## REQUIRED WORK
All that is wanted is a word-for-word copy of the line with "ハーレクイン 2023年 7/21号 [雑誌]の通販 - honto本の通販ストア" and every line after it in the data below.

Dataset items
* * * * *

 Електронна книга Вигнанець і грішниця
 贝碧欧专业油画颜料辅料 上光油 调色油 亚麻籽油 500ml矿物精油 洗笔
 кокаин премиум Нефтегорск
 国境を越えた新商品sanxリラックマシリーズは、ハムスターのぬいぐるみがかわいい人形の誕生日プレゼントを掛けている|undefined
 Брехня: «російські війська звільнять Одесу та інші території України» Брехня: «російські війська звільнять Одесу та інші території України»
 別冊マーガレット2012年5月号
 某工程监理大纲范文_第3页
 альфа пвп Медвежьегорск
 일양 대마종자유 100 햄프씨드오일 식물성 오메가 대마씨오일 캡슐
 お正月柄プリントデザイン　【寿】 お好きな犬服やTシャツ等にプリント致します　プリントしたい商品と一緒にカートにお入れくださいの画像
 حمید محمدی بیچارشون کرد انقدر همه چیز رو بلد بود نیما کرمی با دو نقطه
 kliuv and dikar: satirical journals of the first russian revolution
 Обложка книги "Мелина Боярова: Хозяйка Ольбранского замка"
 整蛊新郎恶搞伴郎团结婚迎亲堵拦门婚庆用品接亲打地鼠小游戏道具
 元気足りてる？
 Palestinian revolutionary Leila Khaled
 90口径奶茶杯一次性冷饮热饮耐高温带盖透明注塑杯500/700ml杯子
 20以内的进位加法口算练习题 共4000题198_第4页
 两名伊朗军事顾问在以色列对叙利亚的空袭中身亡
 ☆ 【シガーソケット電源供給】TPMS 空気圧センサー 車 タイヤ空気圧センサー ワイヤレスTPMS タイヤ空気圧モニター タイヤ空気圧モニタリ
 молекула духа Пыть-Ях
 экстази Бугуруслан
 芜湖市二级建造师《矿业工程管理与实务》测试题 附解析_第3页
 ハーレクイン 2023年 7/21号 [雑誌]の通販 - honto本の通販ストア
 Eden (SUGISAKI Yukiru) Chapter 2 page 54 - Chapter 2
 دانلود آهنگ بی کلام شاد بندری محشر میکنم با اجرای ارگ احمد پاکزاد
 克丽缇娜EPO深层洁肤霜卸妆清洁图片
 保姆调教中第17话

* * * * *

## OUTPUT OF THE EXERCISE
 ハーレクイン 2023年 7/21号 [雑誌]の通販 - honto本の通販ストア
 Eden (SUGISAKI Yukiru) Chapter 2 page 54 - Chapter 2
 دانلود آهنگ بی کلام شاد بندری محشر میکنم با اجرای ارگ احمد پاکزاد
 克丽缇娜EPO深层洁肤霜卸妆清洁图片
 保姆调教中第17话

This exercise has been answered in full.